No standard or special completion design exists for horizontal wells, just as there is no standard completion design for conventional wells. Horizontal wells, at least until they become far more routine, will require extensive preplanning and more team-work between all the disciplines involved.

There is a considerable amount of completion technology available today which can applied to horizontal completion problems, and this technology will undoubtedly be expanded and refined over the coming years. Not only will this new technology be useful in horizontal wells, but also in highly deviated long-reach wells and, in some cases, conventional vertical wells.

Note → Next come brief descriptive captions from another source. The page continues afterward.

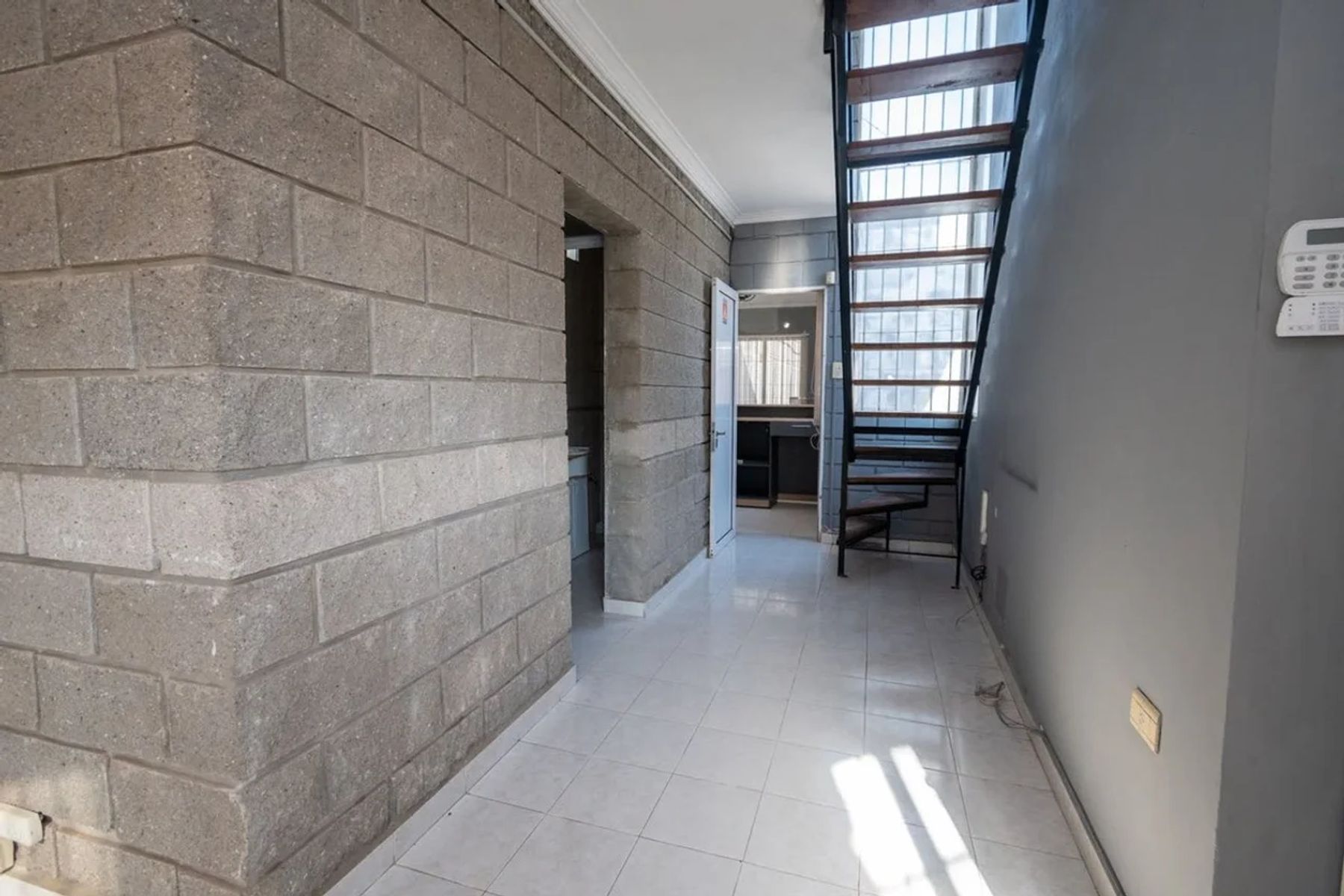 Venta Galpón con oficinas Facundo Zuviría 8300 - 6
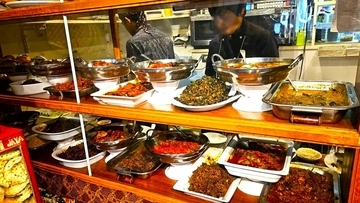 手掴みでガブり！ 新宿で見つけたガチすぎる『ジャワ料理』専門店へ行って「これは流行るぞ！」 と感じた理由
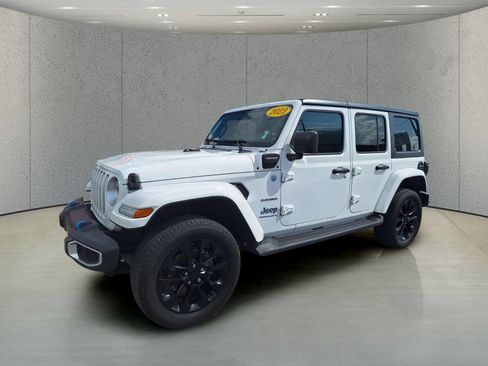 Used 2023 Jeep Wrangler Unlimited Sahara w/ Cold Weather Group AWD/4WD image 9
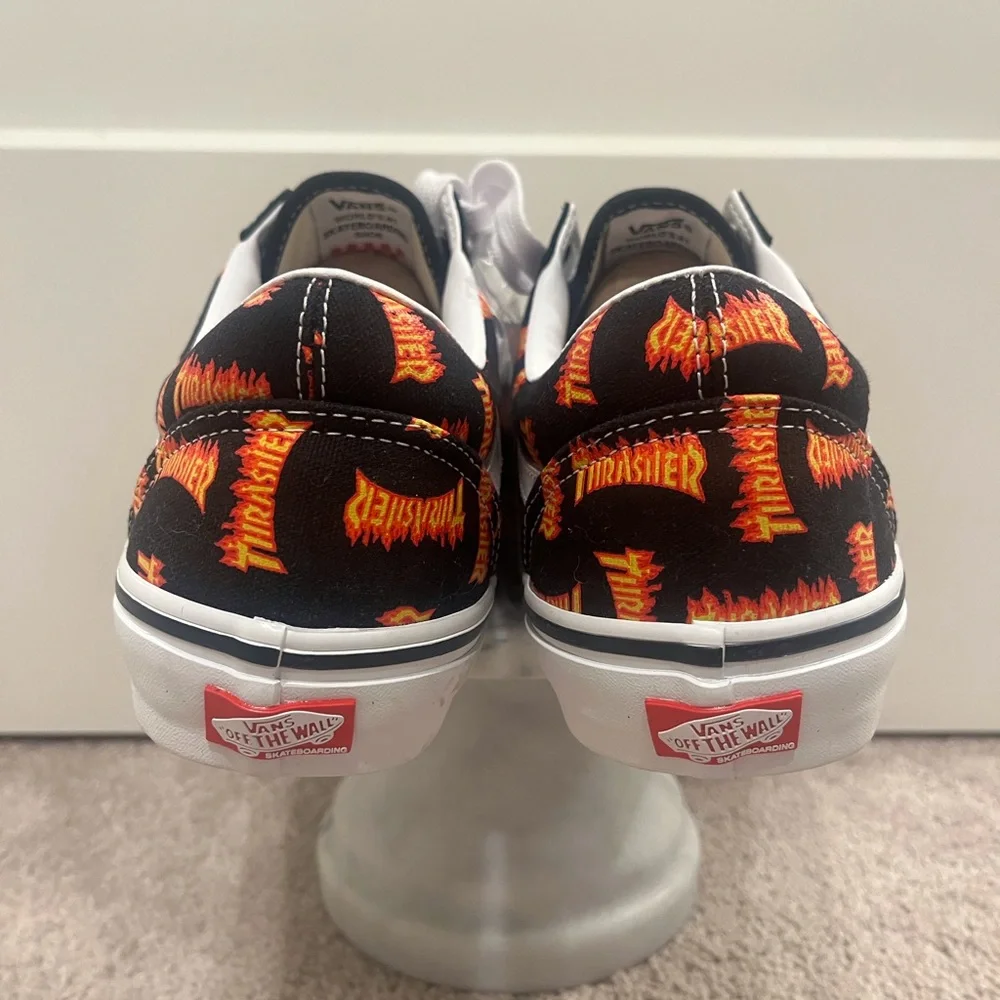 🛹 THRASHER 🛹 - Picture 3 of 4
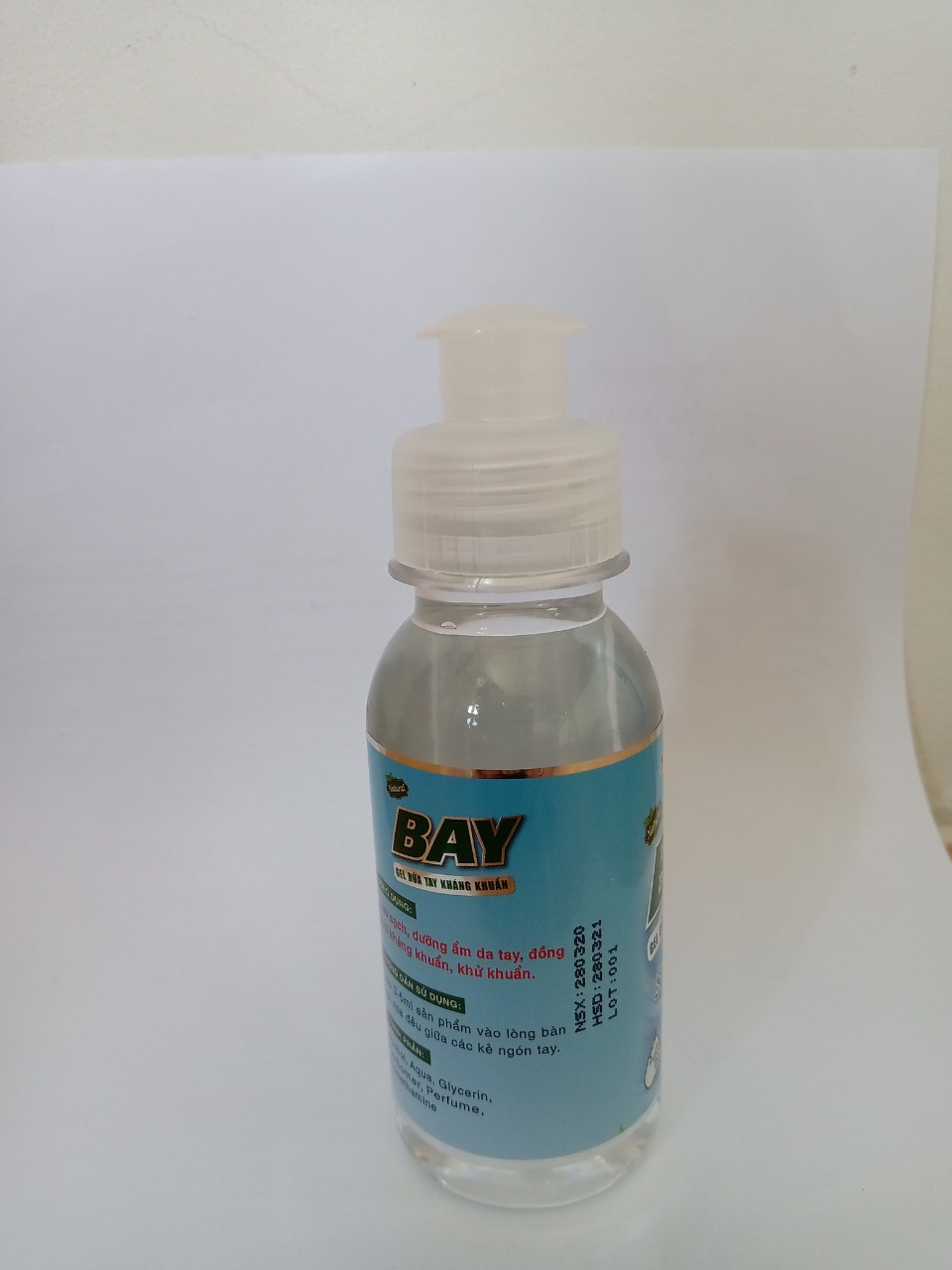 Gel Rửa Tay Kháng Khuẩn Sakura Bay 100ml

Slotted (or preperforated) liner completions are by far the most common completion run in horizontal wells. The primary purpose of the slotted-liner is preventing hole collapse in formations that may tend to cave in after being drilled, or as the formation pressure depletes.

This paper discusses particular aspects critical to designing a successful slotted-liner completion for compact sandstone reservoirs in Mexico. Three examples are given of applications of these special completions in these horizontal wells.

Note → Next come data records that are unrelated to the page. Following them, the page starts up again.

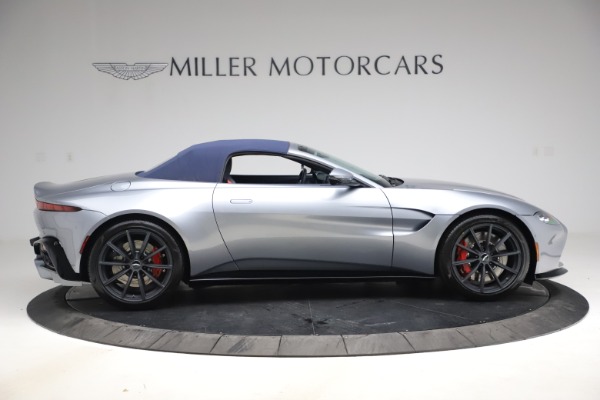 Used 2021 Aston Martin Vantage Roadster for sale $139,900 at Pagani of Greenwich in Greenwich CT 06830 17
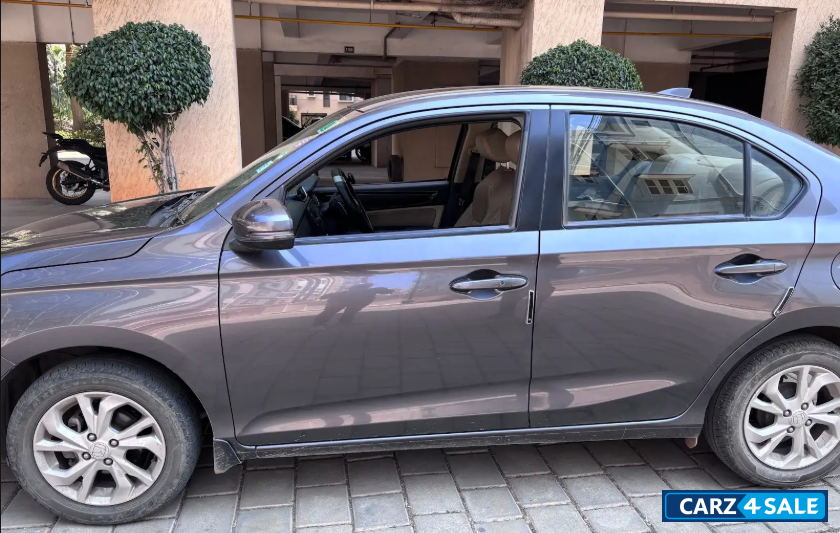 Honda Amaze 1.2 V CVT (Auto)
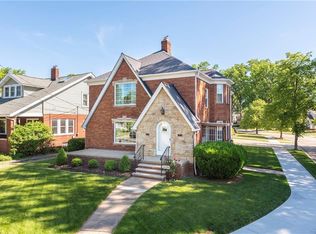 16200 Munn Rd, Cleveland, OH 44111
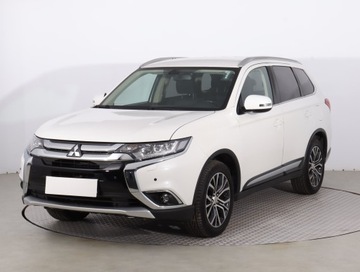 Mitsubishi Outlander III SUV Facelifting 2015 2.0 MIVEC 150KM 2016 Mitsubishi Outlander 2.0, Salon Polska, zdjęcie 1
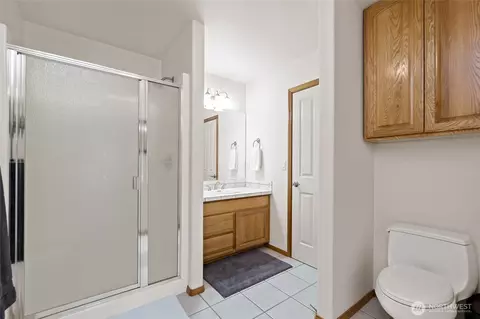 Bath - 4024 E Rd E Caldwell, Edgewood, WA 98372 photo 1 of 4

Oil and gas wells are drilled horizontally for a variety of reasons, chiefly to improve production without drilling multiple vertical wells and to prevent water or gas coning at specific conditions. Benefits of horizontal drilling are well documented and without exaggeration, horizontal hole technology can be classified as the hottest technical issue of today.

As discussed in previous literature, two basic types of horizontal completions exist: the continuos entry and the discreet flow entry. Open hole and slotted-liner completions fall into the category of continuos flow entry completions and are characterized by the fact that they offer little or no provisions for zone isolation.

An open hole completion is the most basic and is the simplest completion method. Open hole (Fig. 1) completions can be effective only where reservoir rock has enough integrity to prevent wall collapse or sloughing from blocking product flow to the wellhead. Success of this completion style depends also on existence of natural fractures and permeability in the reservoir, since stimulation of drain holes is not particularly effective because isolation of intervals for treatment is unlikely to be feasible.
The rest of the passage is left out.